AcuteCare Telemedicine Blog


Think of Your Brain!

It is without a doubt the most vital organ in the human body, but too often we neglect the importance of taking good care of our brain. The development and organization of the brain are incredibly complex, but the intricacies of this central body belie the simplicity of its proper day to day caretaking. We only get one – why not give some thought (pun intended) to it.

Prevention of traumatic head injuries is likely the most obvious consideration for avoiding significant damage to the brain. Unfortunately, we cannot always predict when an accident might occur, but we can take basic steps like fastening our seat belts while riding in automobiles and wearing helmets when engaging in physical activities carrying risk of trauma. Beneath the skull, we must be concerned with degenerative disorders of the brain affecting motor skills and cognition, such as Alzheimer’s Disease and Parkinson’s. Depression and anxiety also afflict millions of individuals across the country.

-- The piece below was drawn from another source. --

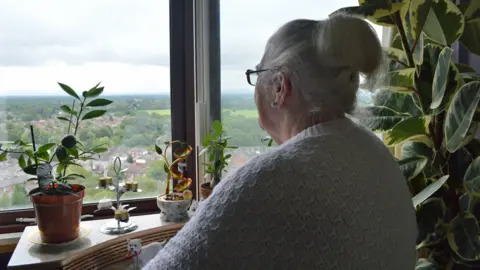 BBC Pat enjoys the view from her tower block window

It is important to remember that although our fast paced, high-stress lives can seem overwhelming, these conditions are chemical, and there are measures we can take to mitigate their negative effects.

Perhaps the most severe threat to the brain is stroke and other cardiovascular disease. The American lifestyle has taken a significant toll on the health of the blood vessels that deliver vital oxygen and nutrients to the brain. We have seen it most exaggerated throughout the southeastern US, a part of the country known as the ‘Stroke Belt,’ where residents face significantly higher rates of stroke morbidity and mortality.

The experts offering advice to citizens on how to minimize their risk of stroke sound like a veritable broken record; sleep more. Eat better. Exercise. Although stroke care has made huge advances in technology and technique over the course of the past decade, there is truthfully no more powerful plan of action than that of prevention. Telemedicine may soon be able to play a bigger role in opening lines communications between physicians and patients at risk of having a stroke, helping them take the necessary steps to avoid an emergency situation where the health of their brain and their life are in danger. As neurologists become more familiar with the advantages of new telemedicine technologies, they are realizing that the “ounce of prevention” is more readily available than ever before.



Check Your Head

In the wake of countless notable events including the deaths of several professional athletes in the past 5 years, new light has been shed on an epidemic which we are beginning to learn may be far more widespread than initially thought.

Researchers at Boston University recently published the largest study of chronic traumatic encephalopathy (CTE) to date. CTE, a progressive degenerative brain disease thought to stem from concussive trauma to the head, has been known to affect boxers since the 1920s, but only recently has gained notoriety as a serious concern for athletes of all ages across many sports. In these latest findings, 68 of 85 donated brains from deceased veterans and athletes with histories of head trauma showed visible evidence of the disease, including a staggering 34 of the 35 brains from former professional football players.

CTE

The greatest concerns sparked by our growing understanding of CTE’s causes and pathology are without a doubt related to the protection of younger children participating in sports and other activities where risk of injury to the brain is involved. The work of the BU researchers has led to drastically improved protective equipment and restructuring of rules and regulations to minimize the number and force of hits to the head, but it is nearly impossible to remove the potential for these injuries from sports at any level.

Thus, the best possible measures that can be taken are to prevent any repeat injury of the brain. Taking the lead, the NFL has instituted mandatory on-field concussion screening following hard hits. The NHL has also ordered that players with potential head injuries spend time in a ‘quiet room’ off the ice. Youth leagues are particularly concerned with preventing any participant who may have sustained an injury from getting back into the game and facing further danger.

Telemedicine offers the potential for significant further contribution to these efforts. With the help of technology, expert neurologists can always be on hand to examine potential head injuries, and monitor patients in the aftermath of an injury, aiding the recovery process. Thanks to telemedicine’s advances, logistics and associated costs are no longer obstacles to immediate and accurate concussion diagnosis and treatment.

The fight against CTE and other trauma-induced brain disease starts long before the first injury happens, but when it cannot be entirely prevented, telemedicine could play a role in ensuring fewer players incur more severe consequences later in life.